Jakarta (ANTARA News) - Sarung, kain yang dililit di bagian pinggang, seakan meningkat gengsinya kala Presiden Joko Widodo mengenakan pada kunjungan kerja beberapa waktu lalu.

Perancang busana Sizzy Matindas menyebut bukan tak mungkin mengenakan sarung atau busana bermaterial sarung menjadi tren mode layaknya kemeja putih atau jaket bomber yang pernah Jokowi kenakan.

"Dia itu trendsetter lho. Saat mengenakan kemeja putih, orang-orang juga mengenakan baju serupa. Dia kembali pakai peci, semua juga memakainya. Dia berbatik, semua orang booming mengenakan batik. Sekarang sarung," kata Sizzy.

Dia mengatakan, mengenakan sarung seperti yang dicontohkan Jokowi telah mengangkat kembali budaya yang telah masyarakat Indonesia miliki sejak lama.

"Sejak dulu orang-orang Indonesia sudah memakai sarung. Yang sudah terbiasa pakai sarung merasa 'Presiden saja pakai sarung, kenapa kita enggak'. Dia mengangkat kembali sesuatu yang sebenarnya orang Indonesia sudah miliki," tutur dia.

"Kepala negara yang mengenakan itu membuat kita menyadari seperti itulah budaya kita. Kita sebelumnya memang mengenakan itu, lalu presiden kita mengenakannya juga, muncul rasa bangga," sambung Sizzy.

Lalu, sebenarnya kapan penggunaan sarung marak dalam masyarakat Indonesia? Budayawan Yahya Adi Saputra mengungkapkan, tradisi bersarung salah satunya berawal dari kebiasaan orang-orang tradisionalis atau kaum sarungan di wilayah Jawa.

Dalam bukunya, "Abangan, Santri, Priyayi dalam Masyarakat Jawa", antropolog Cliffort Geertz menyebutkan kaum santri identik dengan pelaksanaan ritual-ritual pokok agama Islam.

"Orang-orang tradisionalis disebut kaum sarungan. Jelas ini mengacu kepada ormas Nahdlatul Ulama (NU) yang dalam kesehariannya menggunakan sarung. Buku Cliffort Gertz (1950-an) jelas membahas ini," kata dia.

Tak hanya masyarakat Jawa, tradisi bersarung juga dilakukan masyarakat Betawi. Yahya mengatakan, fungsi sarung dalam perspektif kebudayaan Betawi tak sekedar pelengkap dalam beribadah tetapi juga untuk berbagai ekspresi lainnya.
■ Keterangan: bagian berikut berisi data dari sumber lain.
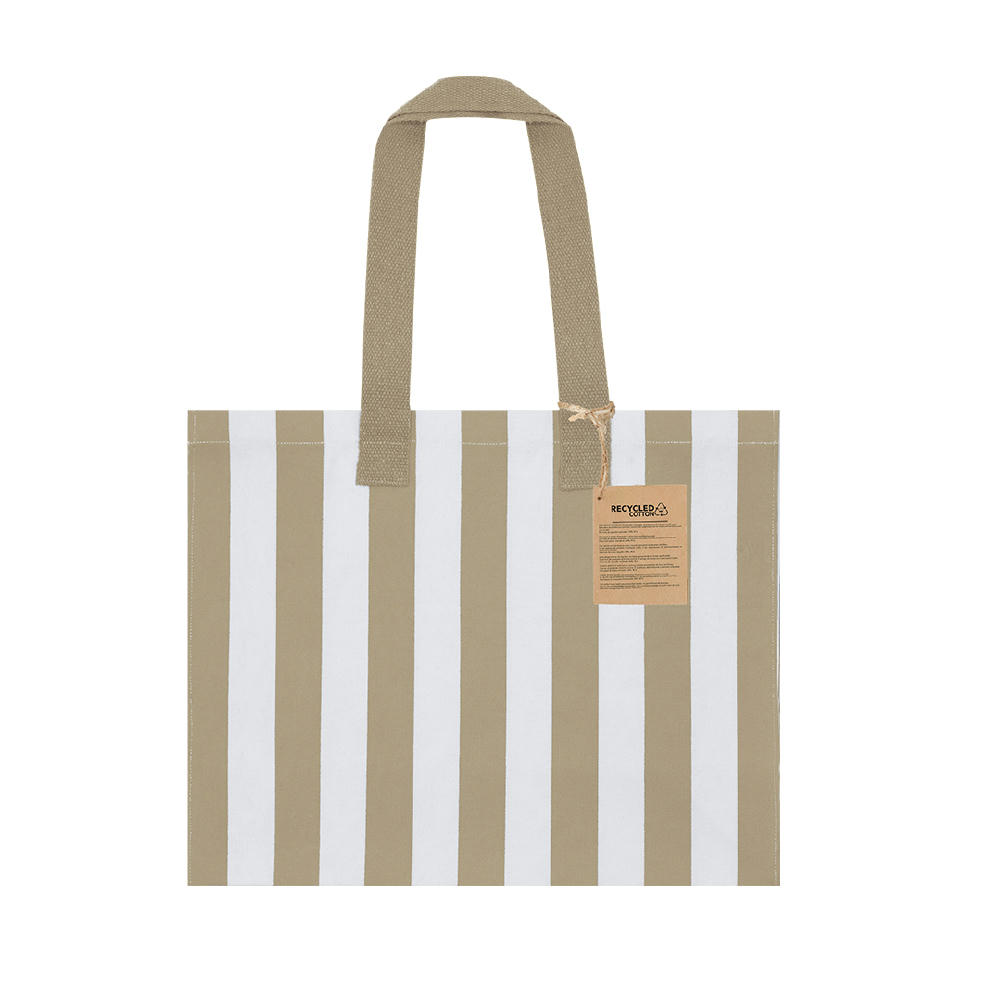 Tasche Marylis Werbeartikel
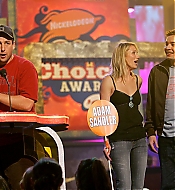 Nickelodeon05_Show_084.jpg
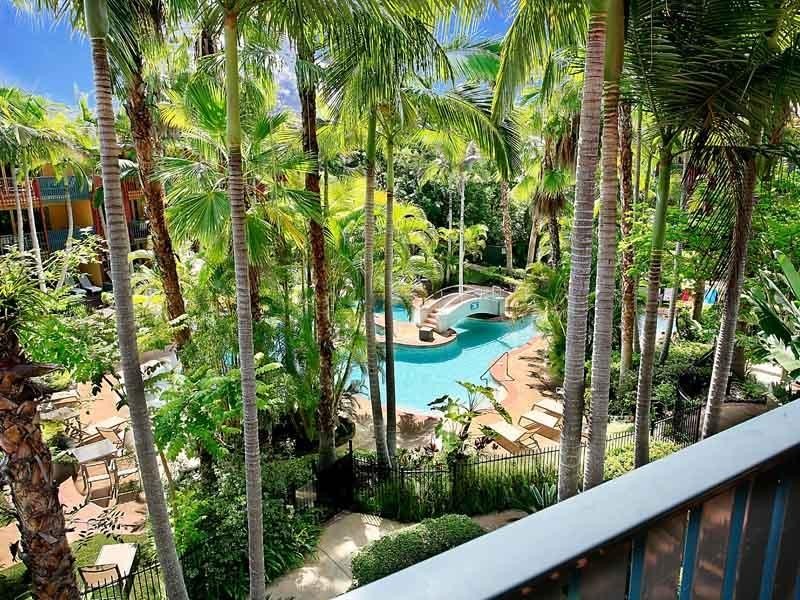 322/62 Hastings Street, Noosa Heads QLD 4567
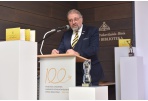G. Petkevičaitės-Bitės bibliotekoje apdovanoti jaunieji kūrėjai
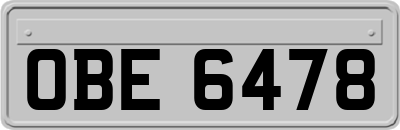 OBE6478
"Dalam perspektif kebudayaan Betawi, fungsi sarung kemudian bukan hanya digunakan untuk menghangatkan tubuh. Tetapi juga untuk berbagai ekspresi. Sarung sebagai senjata, juga sebagai pelengkap estetika berbusana secara tadisional. Lebih kuat dari itu dijadikan sebagai identitas," jelas dia.
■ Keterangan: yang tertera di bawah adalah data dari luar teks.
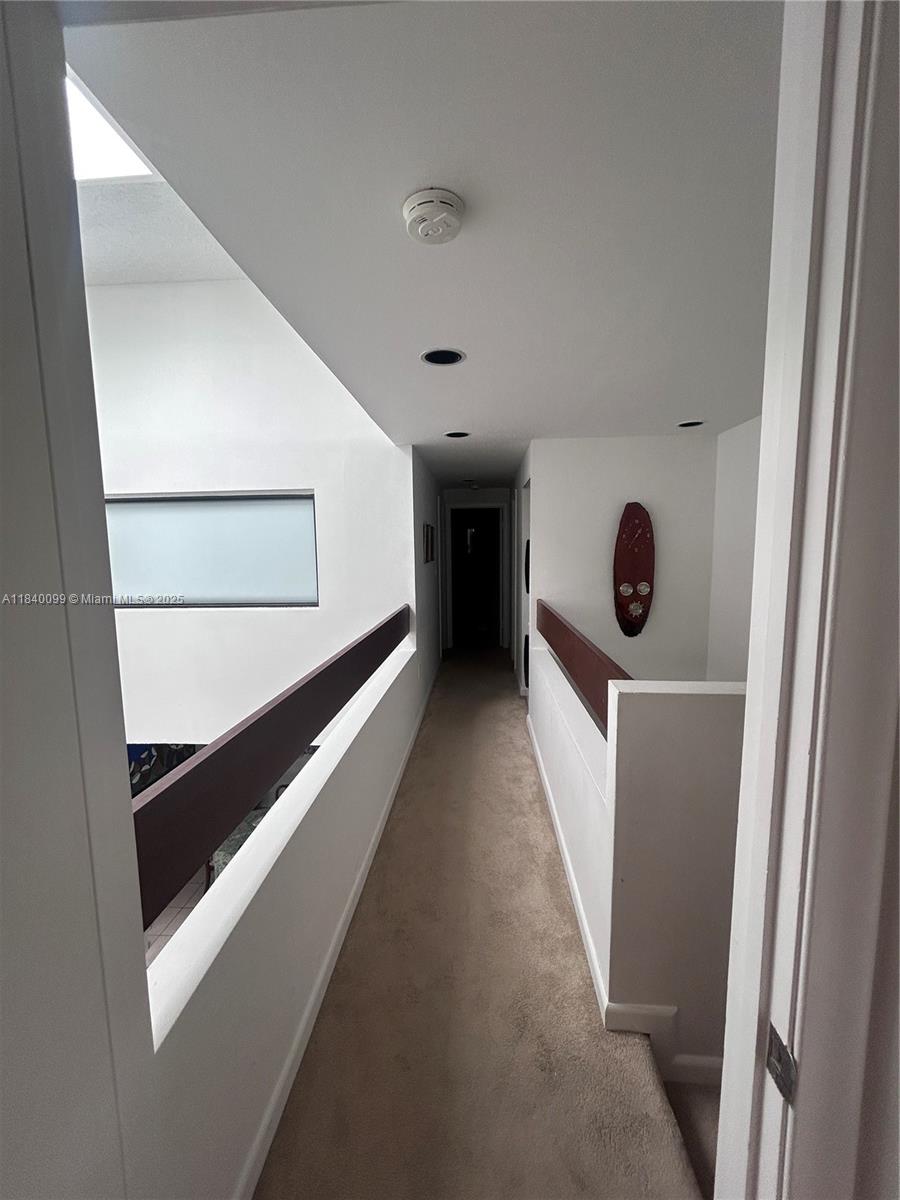 POINCIANA IS YT & RCQ CLU - Residential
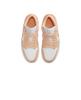 Jordan 1 Low Sunset Haze WMNS DC0774-801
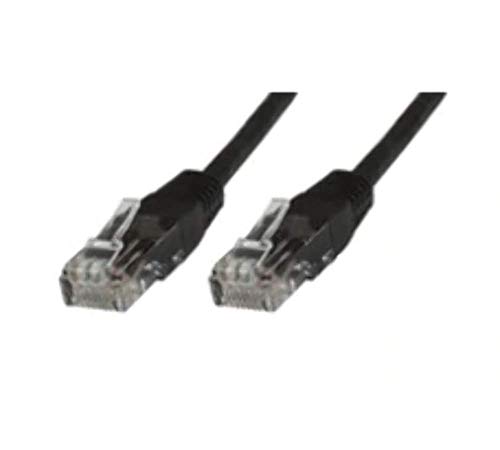 MicroConnect utp501s Kabel Ethernet weiß von Fujitsu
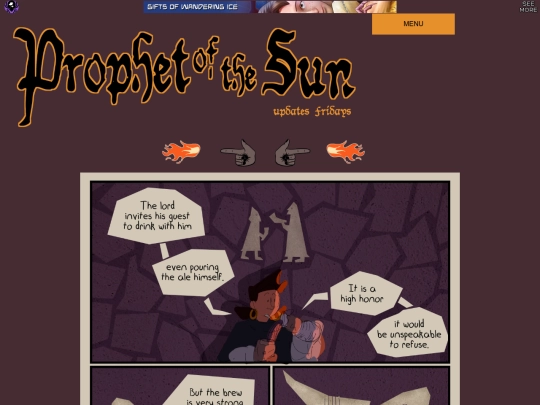 page3_84 screenshot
Tradisi mengenakan sarung namun lebih kepada pelengkap berbusana juga dikenal masyarakat Bugis Pagatan, Kalimantan Selatan, masyarakat di Sumatera, NTT, NTB, Sulawesi dan Bali.

Seiring waktu berjalan, para perancang busana tanah air sekitar tahun 2012 mulai melirik sarung menjadi bagian dalam karya mereka. Sebut saja Ali Charisma, Musa Widyatmodjo dan Tri Handoko dan Phillip Iswardono.

Pengamat mode Susan Budihardjo menyebut sarung yang awalnya terkesan tradisional bisa dipadankan dengan busana lainnya sehingga memunculkan "rasa" trendi.

"Walau bagaimana pun kita kan harus mengikuti tren, jadi sarung tradisional kan juga bisa dipakai jadi terkesan gaya. Sarung bisa jadi dress atau atasan, di-drapped lalu dipadupadan dengan baju-baju lain," tutur dia.

Yahya menyebut hal ini sebagai pergeseran secara artistik dan ekonomis. "Itu namanya inspiring buat pelaku ekonomi kreatif. Bagus buat anak muda kreatif. Pergeseran kepada manfaat secara artistik dan ekonomis," kata dia.

Hanya sayang, sekalipun dunia mode sudah mengakui pesona sarung sebagai bagian dari busana masa kini, sarung belum populer di kalangan anak muda.